楚國是南方大國,春秋以來吞並的諸侯國最多,但自公元前516年楚昭王即位後有江河日下的趨勢,不僅內政腐朽,而且又與周邊國家如唐、蔡等國不和。公元前512年,吳王闔閭在先後滅掉歸附楚國的小國徐國和鍾吾國後,便想趁機大舉伐楚。但孫武認為楚國實力仍很強,便進言道:“楚國是天下強國,非徐國和鍾吾國可比。我軍已連滅二國,人疲馬乏,軍資消耗,不如暫且收兵,蓄精養銳,再等良機。”伍子胥也勸吳王道:“人馬疲勞,不宜遠征。”並獻策說:“現今楚國內部不和,我軍如用一部人馬出擊,楚軍必定全軍出動,等楚軍出動後,我軍再退回,這樣經過幾年後,楚軍必然疲憊不堪。那個時候,便可考慮大舉伐楚。”吳王采納了伍子胥的建議,將吳軍分為三支,輪番騷擾楚軍。當吳軍的第一支部隊襲擊楚境的時候,楚國即派大軍迎擊。待楚軍出動,吳軍便往回撤。而楚軍返回時,吳軍的第二支部隊又攻入了楚境,如此輪番襲擾楚國達6年之久,致使楚國連年應付吳軍,人力物力都被大量耗費,國內十分空虛,楚軍將士疲於奔命,鬥誌沮喪。

公元前506年,楚國令尹囊瓦率軍圍攻已歸附吳國的小國蔡國,蔡在危急中向吳求救。吳國遂打起興師救蔡的旗號,吳王闔閭親自掛帥,以孫武、伍子胥為大將,闔閭的胞弟夫概為先鋒,傾全國3萬水陸之師,乘坐戰船,由淮河溯水而上,直趨蔡境。囊瓦見吳軍來勢凶猛,不得不放棄對蔡國的圍攻,回師防禦本土。當吳軍與蔡軍會合後,另一小國唐國也主動加入吳蔡兩軍行列。於是,吳、蔡、唐三國組成聯軍,浩浩蕩蕩,溯淮水繼續西進。
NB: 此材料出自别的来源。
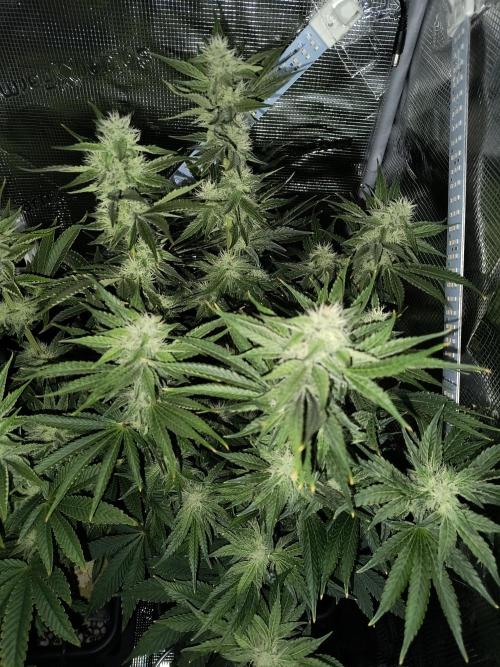 Dank'n Exotic Nugz!. Week 9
進抵淮衲(今河南潢川,一說今安徽鳳台)後,孫武突然決定舍舟登陸,由向西改為向南。伍子胥不解其意,問孫武:“吳軍習於水性,善於水戰,為何改從陸路進軍呢?”孫武答道:“用兵作戰,最貴神速。應當走敵人料想不到的路,以便打它個措手不及。逆水行舟,速度遲緩,吳軍優勢難以發揮,而楚軍必然乘機加強防備,那就很難破敵了。”說得伍子胥點頭稱是。就這樣,孫武挑選3500名精銳士卒為前鋒,迅速地穿過楚國北部大隧、直轅、冥阨三道險關,直插楚國縱深。不出數日,挺進到漢水東岸。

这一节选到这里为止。